モンスターの部位アイテムは、薬丸の原料と練り合わせて、固形に固めて作る強化丸薬に使う事が出来るし、ボーンアクセサリーは、少し心踊る響きがある。また、この属性石を細工では無く、調合系センスで何らかの新しいレシピが見つかるかもしれない。
「これを揃えた人って誰なんだ?」
「興味持ったんだな。ここにある素材は【素材屋】ってプレイヤーが自前で錬金したものだ」
「【素材屋】か……分かった。ありがとう。ああ、属性石をそれぞれ十個ほど貰っていいか?」
「毎度、ちょっと待ってくれ」
振り返ると、レティーアも呆れた表情で俺を見ていた。つい、素材アイテムを見てしまうと、連れを忘れて考えてしまうとは。またもう一人の同行者であるベルは、ボーンアクセサリーを比較して、自分に似合うやつを探しているがどれも似合っている。猫耳とボーンアクセサリーが合わさって非常に野性味を帯びているが。
「あいよ。じゃあ、五等級属性石を各種十個な。まいど」
購入画面で属性石を購入し、インベントリへと転送された瞬間――
――条件が満たされたためにスキルが追加。【付加】Lv30以上。かつ、特定アイテム入手により属性系の付加を解放。
「……っ!?」
マスク下では、突然のインフォメーションに驚いて、固まってしまった。
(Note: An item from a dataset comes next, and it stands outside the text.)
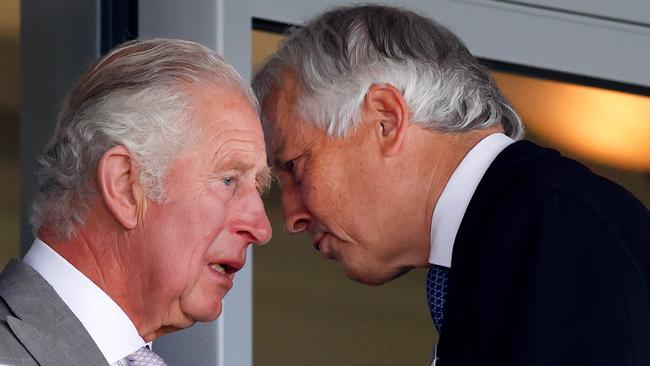 King Charles talks with Peter St Clair-Erskine, Earl of Rosslyn. Picture: Max Mumby/Indigo/Getty Images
購入したのに動かない俺を訝しげに見る三人。俺は、少し狼狽えながら、その場を後にする。
黙って歩く俺は、今し方追加されたスキルを読み込んでいる。
スキル【属性付加】。そして【属性呪加】だ。
先ほど手に入れた属性石を消費して発動し、アイテムの等級に応じた属性の付与を一時的に得る付加魔法だ。
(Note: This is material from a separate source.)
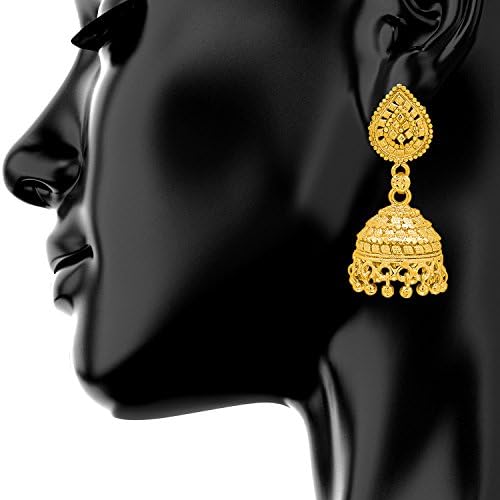 Bodha ouro delicado delicado brinco de jhumka indiano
また、エンチャントは、強化する種類が、アタック、ディフェンス、インテリジェンス、マインド、スピードの五種類だが、エレメントは、攻撃に属性を付加するウェポンと防御に属性を付加するアーマーの二種類。攻撃や防御の数値ではなく、対応属性の追加ダメージと属性耐性を一時的に与える物らしい。
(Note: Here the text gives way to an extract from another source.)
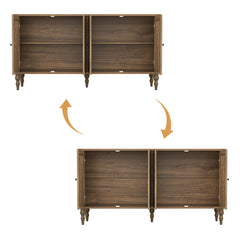 Sideboard in Solid and Manufactured Wood with Adjustable Shelves, Brown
付加、物質付加、技能付加、呪加。そして、新しく属性付加。
条件から見るに、意外と初期に入手出来たのかもしれない。
だが、何処にあったのか、元の素材が何なのか。
あの露店の人は、【素材屋】という錬金センス持ちが用意したと言っていた。なら――
「――【上位変換】」
先ほど買った火の属性石に錬金センスのスキル【上位変換】で変質させる。
結果から言えば、等級が一つ上がり、四等級の属性石となった。
ここまでは、錬金センスのルールだ。逆に【下位変換】を使った場合、ランクが下がったアイテムが生まれるのか、それとも消滅するのか。
実験の結果――消滅した。
つまり、五等級が最下級。アイテムも消滅したために、元の素材が分からない。それとも錬金センスを成長させたら、変換スキルとは別種のスキルを入手する可能性もある。
所持SP24
【弓Lv41】【長弓Lv18】【鷹の目Lv49】【俊足Lv10】【看破Lv9】【魔道Lv7】【地属性才能Lv23】【付加術Lv30】【錬金Lv41】【調教Lv15】
控え
【合成Lv37】【彫金Lv7】【調薬Lv43】【泳ぎLv15】【生産の心得Lv45】【料理Lv31】【言語学Lv21】【登山Lv13】【毒耐性Lv11】【麻痺耐性Lv6】【眠り耐性Lv6】【呪い耐性Lv11】【魅了耐性Lv1】【混乱耐性Lv1】【気絶耐性Lv6】【怒り耐性Lv1】
所持センスを確認した所、鷹の目と錬金センスが近い。レベルが五十になる前には、一度【素材屋】というプレイヤーから詳しい事を教えて貰いたい。
「「……じぃーっ」」
「……」
「「じじじーっ」」
「……なんだ?」
「さっきから視線を送っているのに、全く気付かないとは。いきなりどうしたんですか? 先ほどもスキルを使っていた様ですし」
「いや、すまん。歩きながら実験してたんだ。っと、俺は、次の予定があるからこの辺で」
僅か数十分程度の付き合いに別れを告げて、人ごみの中に紛れるように逃げる。
深く聞かれるほど自分も理解していないし、本当に予定が詰まっているのだ。
行きたくはないが、行かない訳にもいかないし。あのまま留まってレティーアとベルに付き合わされるのも疲れそうだ。俺は、早足で人の間を抜けて、コンテスト会場へと向かう。